# Profibus DP Slave Simulator



## kabpajoh (13 Januar 2009)

Hallo,

  ich stehe leider nun vor einen Problem und finde keine Lösung!

Kennt jemand von Euch eine PCI Karte oder ähnliches welche mehrere Slaves (min 30) in einem Profibusnetzwerk (DPV1) simulieren kann???
Der Profibus Master ist eine Gateway, dieser ist an ein OPC Server angeschlossen. Die beiden Systeme (Slave- Simulator und OPC- Servrer) müssen quasi auf zwei separaten PC´s installiert sein.
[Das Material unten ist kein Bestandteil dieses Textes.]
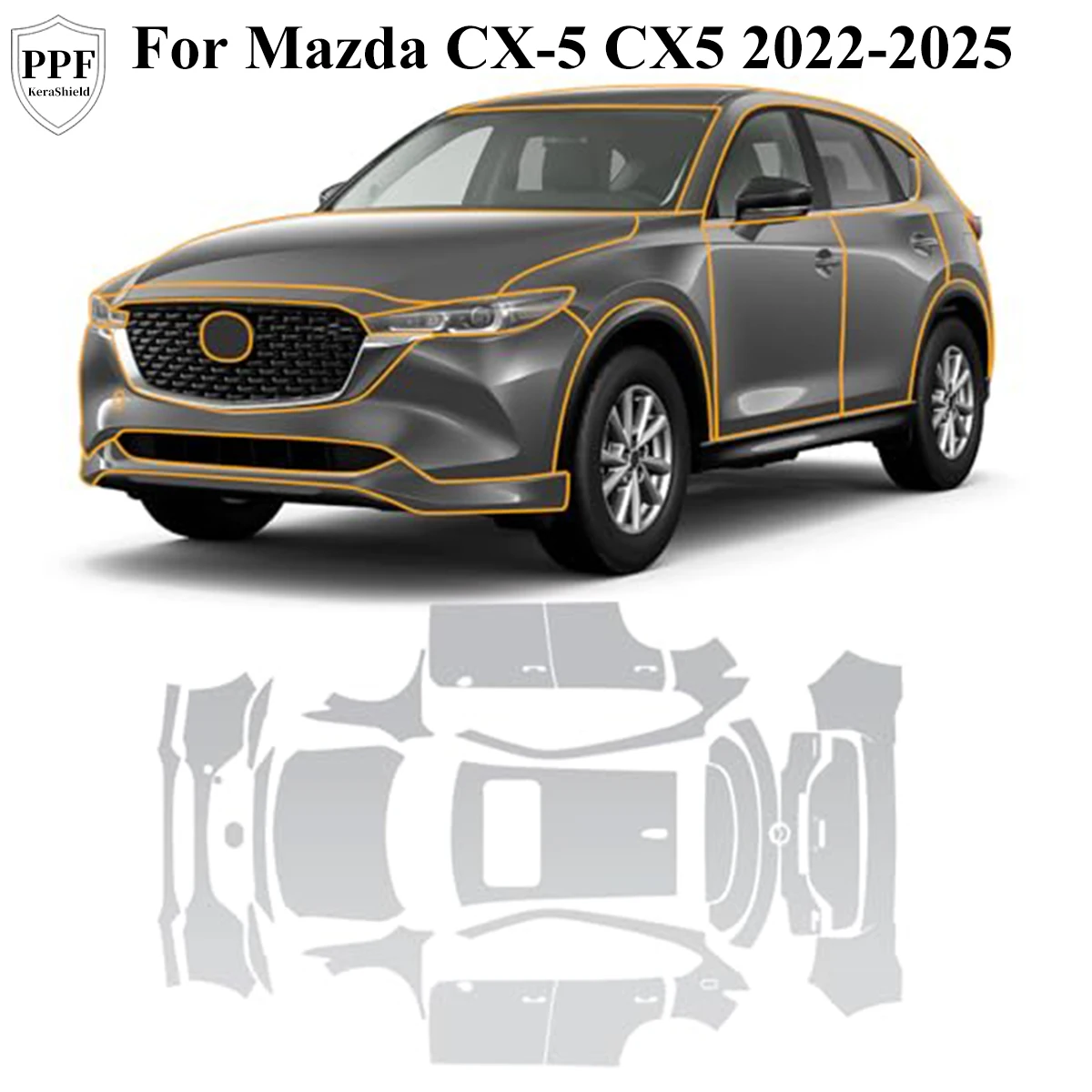 

Pre-cut PPF Car Clear Bra For Mazda CX-5 CX5 2022-2025 TPU Paint Protection Film Anti-Scratch Invisible Repairable Self-adhesive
Dazwischen wird mit Profibus zum Gateway, und vom Gateway zum PC mit Ethernet kommuniziert. 
  Kennt jemand eine Lösung!!?


----------



## lorenz2512 (13 Januar 2009)

hallo,
schon mal bei hilscher geschaut? http://www.factorycomm.com/cif50dps...sst-pbms-pci&gclid=CNvArpOGjJgCFQNItAodR1naCg


----------



## lorenz2512 (13 Januar 2009)

hallo,
das müsste genau das richtige sein: http://material.sa.online.pt/downloads/Molex/Brochuras/Profibus/SST-PBMS-PCI.PDF


----------



## kabpajoh (14 Januar 2009)

Danke lorenz2512,
für die schnelle und freundliche Antwort. 
Das wäre genau das richtige,
leider kann die Karte nur DPV0 also keinen azyklischen Datenaustausch. 

Hat viellecht jemand Erfahrung mit der _SIMBApro PCI von Siemens???
_


----------